Prof. Hal Wegner goes for the jugular with his analysis of some of the flaws in the legal reasoning behind the holding in the recent AMC v. Myriad decision. [See my post of July 31st 2011 on the decision]. (Prof. Hegner’s paper is attached at the end of this post.) To summarize, he faults the panel for pointedly not grounding their decision that isolated DNA is patent-eligible subject matter on In re Bergy, 596 F.2d 952 (CCPA 1979). In fact, Judge Lourie went out of his way to explicitly write that Bergy was not binding law. However, Wegner notes that Bergy and Chakrabarty were decided as companion cases by the CCPA and consolidated for appeal to the Supreme Court. The Court granted cert. as to both Bergy and Chakrabarty, but in its opinion simply noted that Bergy had been dismissed as moot, after the Court had granted cert. Contrary to Judge Lourie’s statement in fn. 7 in Myriad, the second Bergy decision was not vacated by the Supreme Court. The Court only had Chakrabarty to decide, but it in no way disparaged the CCPA’s earlier decision in Bergy. Bergy was only cited in a footnote in the district court’s opinion, but was heavily relied upon in Myriad’s brief to the Fed. Cir. What’s up with that?
As extensively noted in my post “A Myriad of Questions to Resolve,” May 18, 2010, In re Bergy is arguably the most relevant precedent to the Myriad dispute, since it clearly states that the isolated microorganisms of Bergy are no less patent-eligible than any other chemical compounds, including “countless pharmaceuticals.” Such compounds can be isolated, purified, assembled from simpler “synthons” or prepared by subdividing more complex molecules (my gloss). The distinction that the Myriad panel tries to draw between “isolated” and “purified” –“[DNA] has not been purified by being isolated” – is artificial, not even factual and not relevant to patent-eligibility under s. 101
Prof. Wegner also takes the Myriad panel to task for misusing or at least, for overusing Funk Brothers, to require some sort of novel utility (the dreaded “marked change”) before a composition of matter can be considered for patentability. The Supreme Court did not impose such a test for all future subject matter – the requirement is for the subject matter to be “new and useful.” The comment that the bacterium has “markedly different characteristics from any found in nature” is dictum with respect to the requirements of s. 101. Funk Brothers is a pre-1952 decision that was distinguished in Chakrabarty. It was not decided on the basis of section 101 patent-eligibility. Today, the claims would be patent-eligible under s. 101, and might well pass muster under ss. 102 and 103.

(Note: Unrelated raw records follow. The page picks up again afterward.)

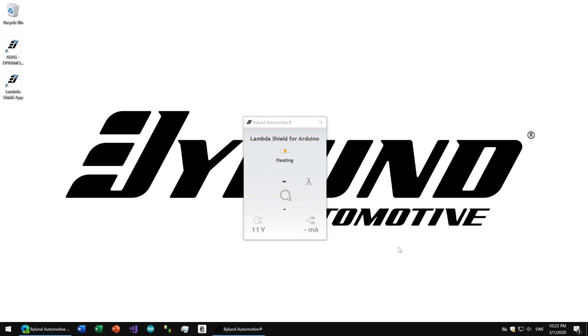Note that we ordered one sensor, so this is not a bad specimen selected specifically for this video. But as you can see, the result is quite far from accurate, and unfortunately it confirms our experience with aftermarket sensors.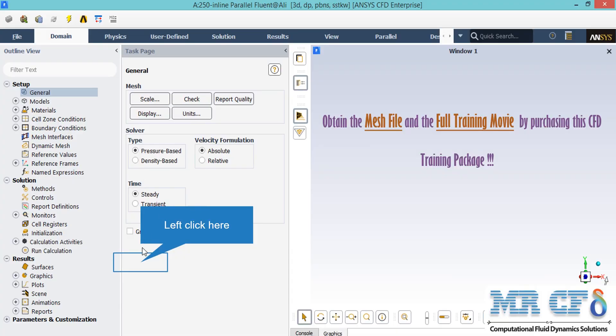There are several assumptions taken into account for this project. First, the type of solver is defined as pressure-based since we are dealing with incompressible flows. Second, we have selected the absolute formulation for velocity. And third, we have selected a steady time study since we didn't want our results to be a function of time.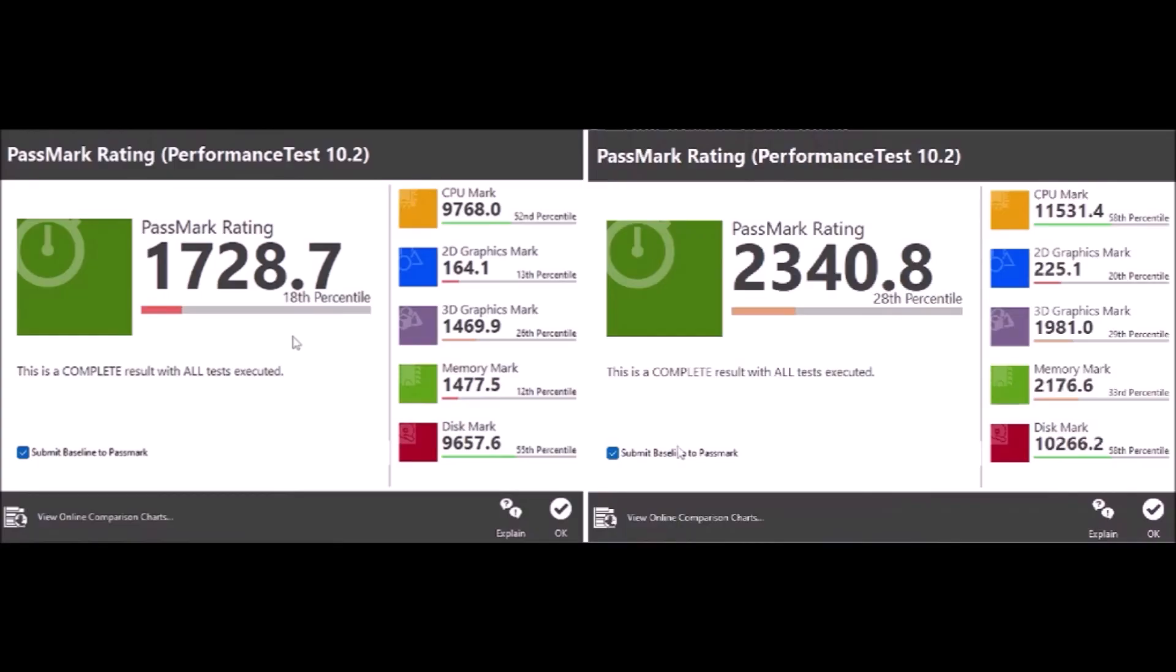And if you look into the details, on the CPU mark, 18 percent increase. 2D graphics mark, 37.2 percent increase. On 3D graphics mark, a 34.8 percent increase. And on the memory mark, 47.3 percent increase. A big increase because of the doubling of the memory. And even on disk mark, there's a 6.6 percent increase. So overall, it's a well worth $20 upgrade. Thanks for watching.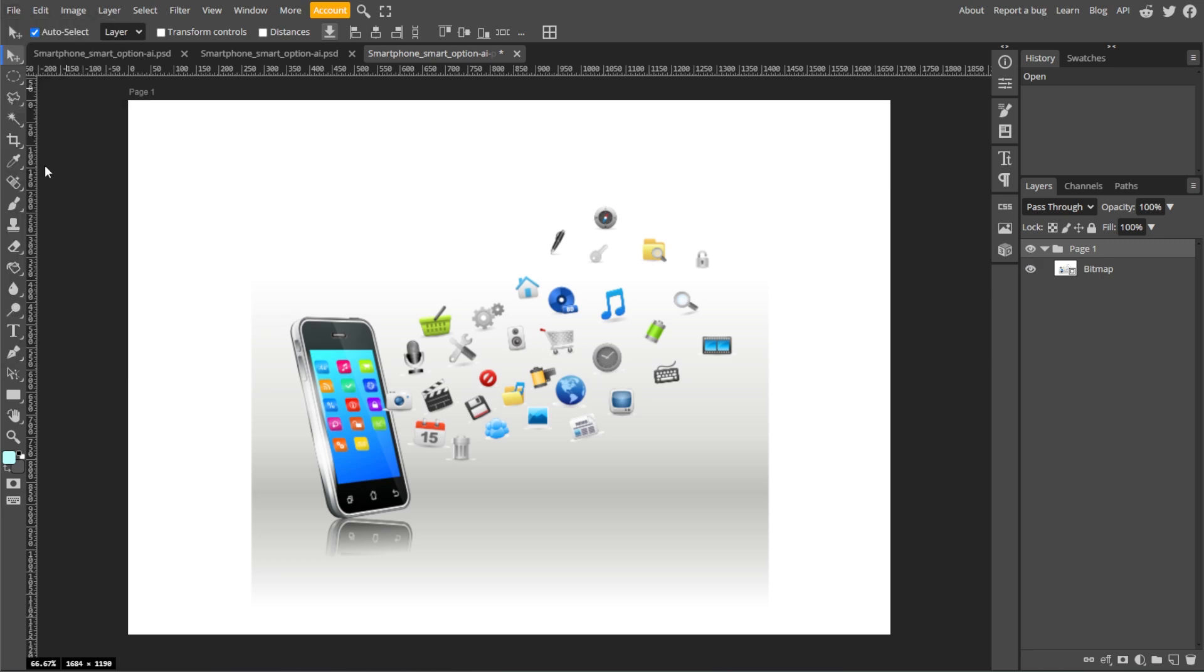Both EPS and PDF are vector formats, but PDF is an upgrade of EPS. PDFs can include everything an EPS can, plus additional features. Neither EPS nor PDF can store advanced design elements like layer names, complex effects like drop shadows, or layer structures.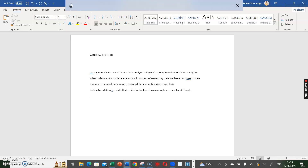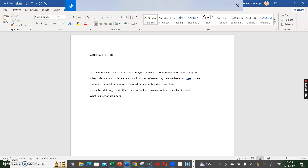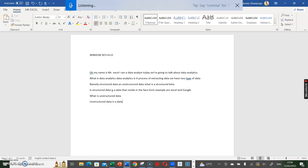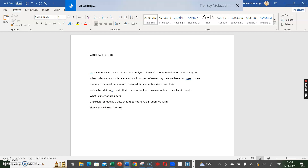Let's look at unstructured data. What is unstructured data? Unstructured data is a data that does not have a predefined form. Thank you, Microsoft Word, for helping me to type this.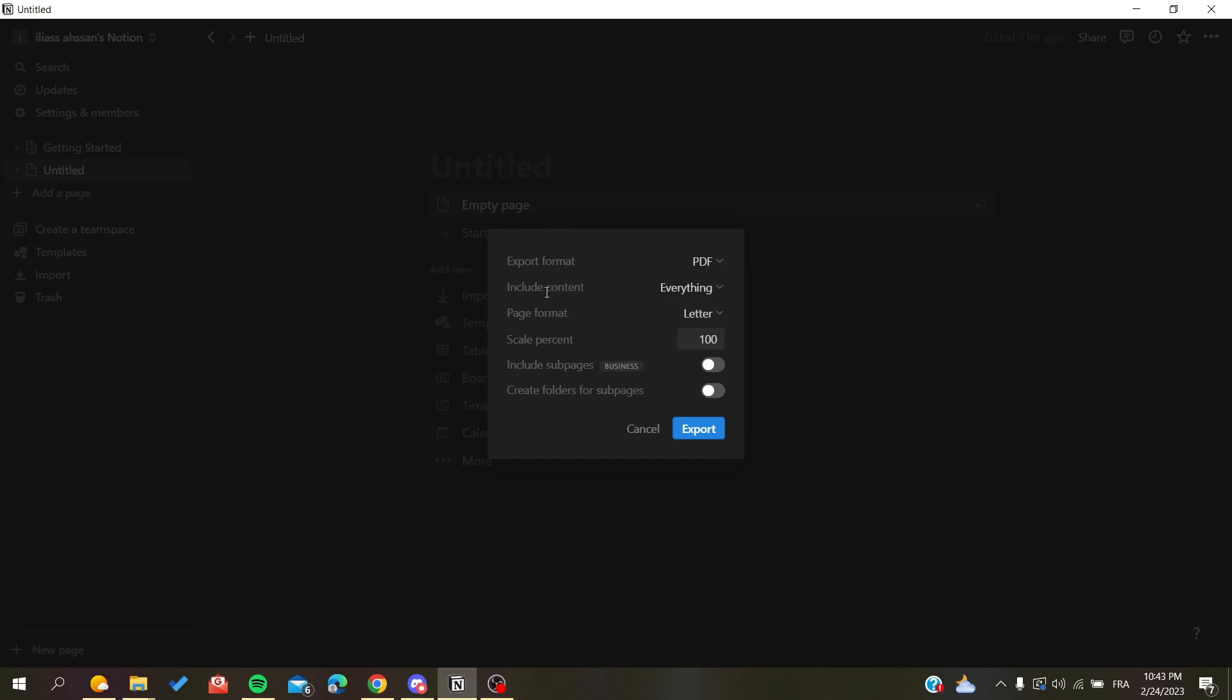Include the content means if you want to have only the text or include other objects like code and images. You can either have everything or exclude files and images. Let's just have everything - it depends on your preferences and the choice you want to take.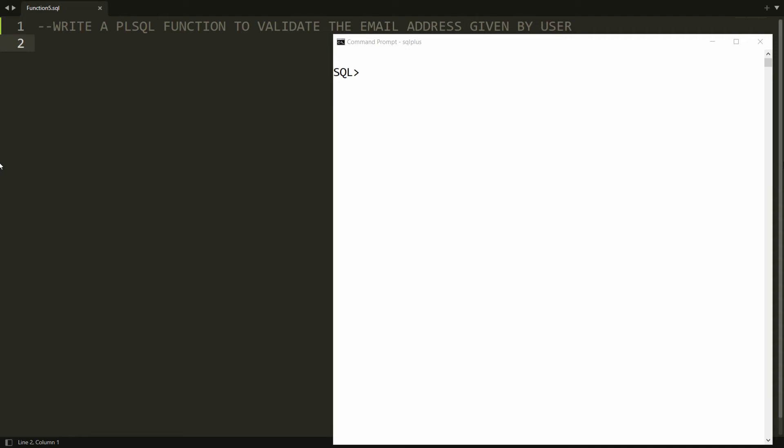Hello all, welcome to my channel. In this video I will show you how to write a PL/SQL function to validate the email address given by the user.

Finally, Prof. Wegner notes – as do I – that the discussion of the patentability of elements like lithium is confusing at best. Judge Lourie attempted to answer Judge Bryon’s comments about the isolation (?) of ionically bonded lithium (e.g. LiCl) by suggesting that the precursor elemental lithium would be unpatentable as not novel. However, Prof. Wegner notes that patents have been granted on elements. Claim 1 at issue In re Seaborg, 328 F.2d 996 (CCPA 1964) was simply to “Element 95.” (Stability was the issue, not patentable subject matter.) It is worth noting that the CCPA has never held, or even stated in dicta, that a newly discovered element would not be patentable.
In my earlier posts, I opined that Myriad could not lose on the DNA claims, and I turned out to be correct (barely). But a double-jointed rattlesnake – to borrow a Disney image – could not follow the lines of reasoning it took to reach that conclusion.